> **Task item**
Please give back every entry in full, word for word, but none of the pictures.

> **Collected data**

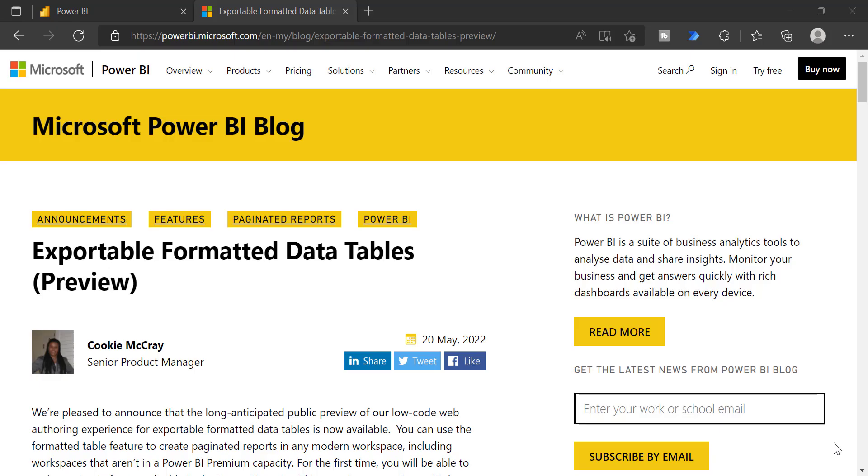Welcome back to HarisBI. In this video, I am going to show you one of the latest features in Power BI service that is called exportable formatted data tables. This feature is in preview.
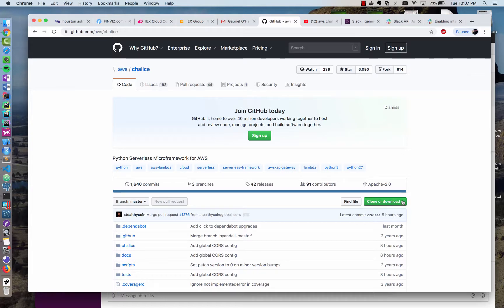Hey, today I'm going to show you how to build a serverless Slack bot using AWS Chalice. AWS Chalice is a Python serverless micro framework for AWS that makes it very easy to create a REST API on top of AWS Lambda and the API Gateway.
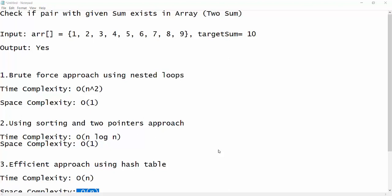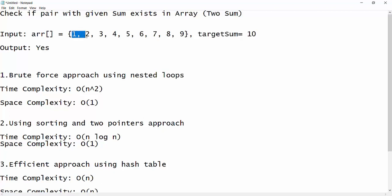Today we will understand if a pair with a given sum exists in an array or not. My input array is 1, 2, 3, 4, 5, 6, 8, 9 and the target sum is 10. We need to figure out if any combination of two elements equals the target sum. For example, 1 plus 9 equals 10, 2 plus 8 equals 10, and 4 plus 6 equals 10. If any pair exists, we return yes.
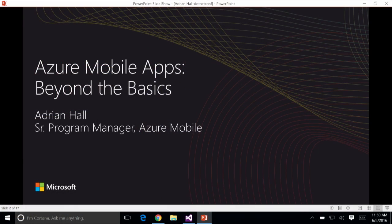Good afternoon everyone. Welcome back to .NET Conf. My name is Adrian Hall, I'm the Program Manager for Azure Mobile. Today we're going to be taking you through Azure Mobile Apps, and we're going to go beyond the basics.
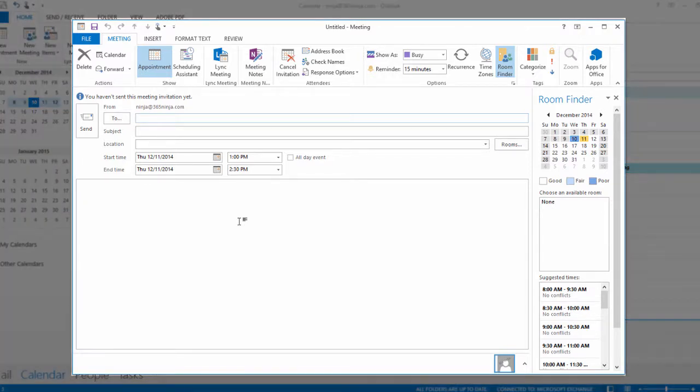So now I can enter the email address for the person I want to invite to my meeting and I'll go ahead and enter the rest of the meeting details.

> **Finished exercise**
Welcome back to HarisBI. In this video, I am going to show you one of the latest features in Power BI service that is called exportable formatted data tables. This feature is in preview.
Hey, today I'm going to show you how to build a serverless Slack bot using AWS Chalice. AWS Chalice is a Python serverless micro framework for AWS that makes it very easy to create a REST API on top of AWS Lambda and the API Gateway.
Today we will understand if a pair with a given sum exists in an array or not. My input array is 1, 2, 3, 4, 5, 6, 8, 9 and the target sum is 10. We need to figure out if any combination of two elements equals the target sum. For example, 1 plus 9 equals 10, 2 plus 8 equals 10, and 4 plus 6 equals 10. If any pair exists, we return yes.
Good afternoon everyone. Welcome back to .NET Conf. My name is Adrian Hall, I'm the Program Manager for Azure Mobile. Today we're going to be taking you through Azure Mobile Apps, and we're going to go beyond the basics.
So now I can enter the email address for the person I want to invite to my meeting and I'll go ahead and enter the rest of the meeting details.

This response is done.